The sustainable use of pesticides and a carbon removal certification scheme will be placed front and centre of the European Commission’s agricultural priorities next year, according to a leaked draft version of its 2022 work programme seen by EURACTIV.
The programme, dated 27 September, sets out the list of actions the Commission will prioritise over the coming twelve months.
According to the draft document, a key focus is the overhaul of the sustainable use of pesticides directive.
The directive, adopted in 2009, aims to reduce the risks and the impacts of pesticide use on human health and the environment but has been criticised for its poor implementation in the majority of member states.
As outlined in the Commission’s flagship food policy, the Farm to Fork strategy, the Commission aims to revise the directive to bring it in line with the objectives of the European Green Deal in a way that helps meet the target of slashing the use and risk of chemical pesticides in half.
The adoption of the revision was originally earmarked for March of next year but, according to the leaked programme, this will now take place in May 2022.
This will follow the publication of a roadmap and the launch of public consultation before November 2021.

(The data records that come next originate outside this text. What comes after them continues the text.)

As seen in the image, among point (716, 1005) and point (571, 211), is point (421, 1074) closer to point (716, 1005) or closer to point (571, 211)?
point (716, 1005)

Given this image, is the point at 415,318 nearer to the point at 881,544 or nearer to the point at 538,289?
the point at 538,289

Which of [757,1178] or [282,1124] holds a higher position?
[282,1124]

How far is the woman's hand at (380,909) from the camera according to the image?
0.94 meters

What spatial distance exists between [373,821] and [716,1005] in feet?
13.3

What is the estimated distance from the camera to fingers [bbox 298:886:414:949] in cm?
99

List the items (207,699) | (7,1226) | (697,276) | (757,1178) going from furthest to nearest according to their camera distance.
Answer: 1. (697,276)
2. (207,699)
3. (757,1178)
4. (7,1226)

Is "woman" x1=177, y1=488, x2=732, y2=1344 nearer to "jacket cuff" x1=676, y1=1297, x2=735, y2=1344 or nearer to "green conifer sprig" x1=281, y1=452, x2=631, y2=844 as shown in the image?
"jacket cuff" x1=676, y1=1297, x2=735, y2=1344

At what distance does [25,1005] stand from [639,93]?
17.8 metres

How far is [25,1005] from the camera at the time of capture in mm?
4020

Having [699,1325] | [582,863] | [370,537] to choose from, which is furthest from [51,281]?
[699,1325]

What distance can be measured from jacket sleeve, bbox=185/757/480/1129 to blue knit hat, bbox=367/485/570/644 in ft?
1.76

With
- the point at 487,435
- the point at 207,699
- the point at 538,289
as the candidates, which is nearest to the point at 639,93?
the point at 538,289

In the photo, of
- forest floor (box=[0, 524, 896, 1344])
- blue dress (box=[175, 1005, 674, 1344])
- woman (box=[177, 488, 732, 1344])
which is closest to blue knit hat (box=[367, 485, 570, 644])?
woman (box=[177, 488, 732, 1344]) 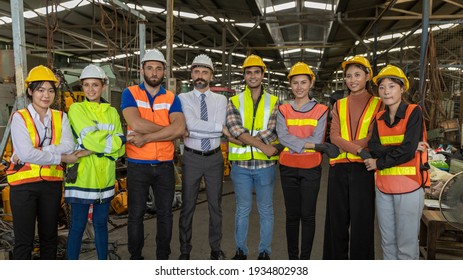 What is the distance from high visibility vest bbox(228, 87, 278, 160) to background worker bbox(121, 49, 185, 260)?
0.57 meters

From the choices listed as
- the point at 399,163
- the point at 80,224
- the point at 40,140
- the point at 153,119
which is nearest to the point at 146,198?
the point at 80,224

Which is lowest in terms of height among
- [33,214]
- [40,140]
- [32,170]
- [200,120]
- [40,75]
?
[33,214]

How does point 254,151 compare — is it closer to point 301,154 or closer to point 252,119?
point 252,119

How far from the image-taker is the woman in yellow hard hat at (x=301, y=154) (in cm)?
331

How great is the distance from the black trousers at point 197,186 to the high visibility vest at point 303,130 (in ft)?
2.21

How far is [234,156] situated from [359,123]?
3.91ft

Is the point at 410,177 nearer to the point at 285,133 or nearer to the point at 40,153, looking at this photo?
the point at 285,133

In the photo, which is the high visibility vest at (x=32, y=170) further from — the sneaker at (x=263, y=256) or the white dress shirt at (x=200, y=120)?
the sneaker at (x=263, y=256)

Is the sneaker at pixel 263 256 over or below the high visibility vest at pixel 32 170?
below

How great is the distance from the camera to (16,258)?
2947mm

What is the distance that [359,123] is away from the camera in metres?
3.09

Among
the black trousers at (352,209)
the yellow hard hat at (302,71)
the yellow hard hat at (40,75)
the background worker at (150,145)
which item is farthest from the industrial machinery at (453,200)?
the yellow hard hat at (40,75)

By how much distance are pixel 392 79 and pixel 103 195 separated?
2590 millimetres

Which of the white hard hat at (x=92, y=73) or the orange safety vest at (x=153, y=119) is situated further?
the orange safety vest at (x=153, y=119) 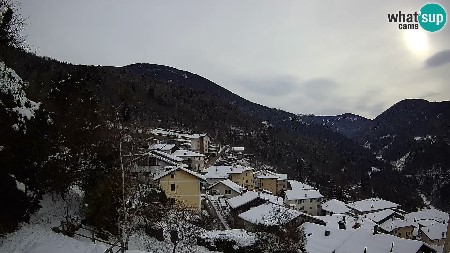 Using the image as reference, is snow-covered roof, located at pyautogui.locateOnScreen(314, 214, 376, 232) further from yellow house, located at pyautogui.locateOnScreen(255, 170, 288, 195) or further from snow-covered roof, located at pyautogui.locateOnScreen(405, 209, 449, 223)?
snow-covered roof, located at pyautogui.locateOnScreen(405, 209, 449, 223)

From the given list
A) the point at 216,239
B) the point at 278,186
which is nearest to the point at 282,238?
the point at 216,239

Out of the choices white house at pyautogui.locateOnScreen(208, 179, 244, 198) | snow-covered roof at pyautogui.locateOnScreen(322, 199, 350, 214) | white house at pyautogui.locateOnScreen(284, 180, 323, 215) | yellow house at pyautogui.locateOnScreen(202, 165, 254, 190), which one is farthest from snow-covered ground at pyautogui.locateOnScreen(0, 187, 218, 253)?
snow-covered roof at pyautogui.locateOnScreen(322, 199, 350, 214)

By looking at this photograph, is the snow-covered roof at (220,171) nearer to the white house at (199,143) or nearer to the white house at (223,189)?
the white house at (223,189)

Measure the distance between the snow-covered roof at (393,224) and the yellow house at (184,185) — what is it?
4608 cm

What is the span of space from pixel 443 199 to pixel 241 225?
485ft

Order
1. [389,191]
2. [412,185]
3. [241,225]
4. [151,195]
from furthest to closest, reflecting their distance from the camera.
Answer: [412,185] < [389,191] < [241,225] < [151,195]

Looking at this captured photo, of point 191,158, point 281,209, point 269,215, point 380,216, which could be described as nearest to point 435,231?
point 380,216

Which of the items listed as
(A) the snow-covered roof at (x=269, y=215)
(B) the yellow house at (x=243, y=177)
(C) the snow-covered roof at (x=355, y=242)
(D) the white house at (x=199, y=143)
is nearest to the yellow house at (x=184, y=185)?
(A) the snow-covered roof at (x=269, y=215)

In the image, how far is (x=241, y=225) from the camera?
41.9 metres

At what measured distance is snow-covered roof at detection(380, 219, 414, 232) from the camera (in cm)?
6588

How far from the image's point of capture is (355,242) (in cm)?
3344

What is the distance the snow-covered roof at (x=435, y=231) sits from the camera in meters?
60.5

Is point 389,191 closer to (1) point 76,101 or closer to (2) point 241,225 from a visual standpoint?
(2) point 241,225

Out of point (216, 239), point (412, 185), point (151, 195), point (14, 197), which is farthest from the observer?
point (412, 185) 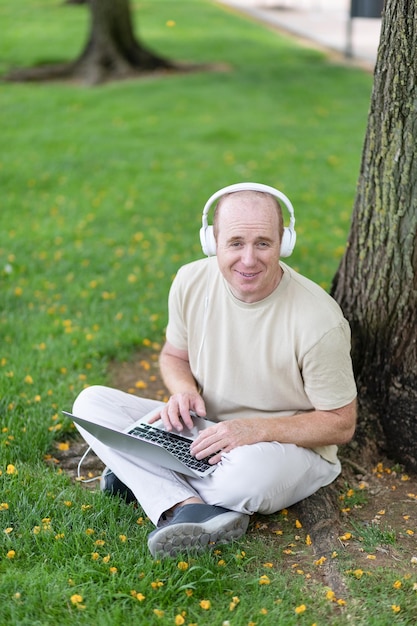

The overhaul of the pesticide directive will be included in the framework of a Zero Pollution Package together with the revision of the EU’s air quality legislation.
The draft work programme highlights that this is currently “impossible to say” whether this policy initiative will result in a heavier burden on stakeholders given that policy options have not yet been decided on.
However, it concludes that overall, the Commission expects “an increase in the administrative costs.”
“Administrative costs and other costs for the different policy options will be assessed for different stakeholders, including farmers and other economic operators,” the programme reads.
Ways to minimise costs will be explored, the document promises, offering the example of digitalisation.
“Trade-offs between administrative burden for operators and positive health and environmental benefits exist and will be taken into account in the analysis,” it states.
The work programme also lists the proposal of a regulatory framework for the certification of carbon removal as a key priority of 2022, delivering on promises made in the recently published Fit for 55 package.
The draft programme highlights that this is a key instrument for the “scaling up and wider dissemination of the removal of carbon from the atmosphere through both nature-based and technological solutions”.
As it stands, there is currently no targeted policy tool to significantly incentivise carbon removals and the protection of carbon stocks.
However, this has not stopped corporations and some private citizens from buying land-based carbon removals in voluntary carbon markets to compensate for their residual climate footprint.
“Stakeholders are all very demanding for such [a] certification mechanism,” the programme reads, adding that the private sector sees it as a “business opportunity”.
Given that the Commission has earmarked a new carbon removal approach in agriculture to help raise Europe’s climate ambition, this could have wide-ranging effects in the agricultural world
The adoption of the regulatory framework is earmarked for Q3 of 2022.
The Commission also has plans in the works when it comes to packaging, with the revision of the regulation on classification, labelling and packaging (CLP) in line for adoption in May 2022, according to the draft work programme.
This initiative, which aims to implement the EU Chemicals Strategy for sustainability, will aim to include hazard classes for a number of hazardous properties, including endocrine disruption and bioaccumulation.
The programme notes that thanks to the harmonisation of practices across the EU, this move will likely benefit the single market and also offer an advantage to EU companies, who will be ahead of the game if it is subsequently adopted globally.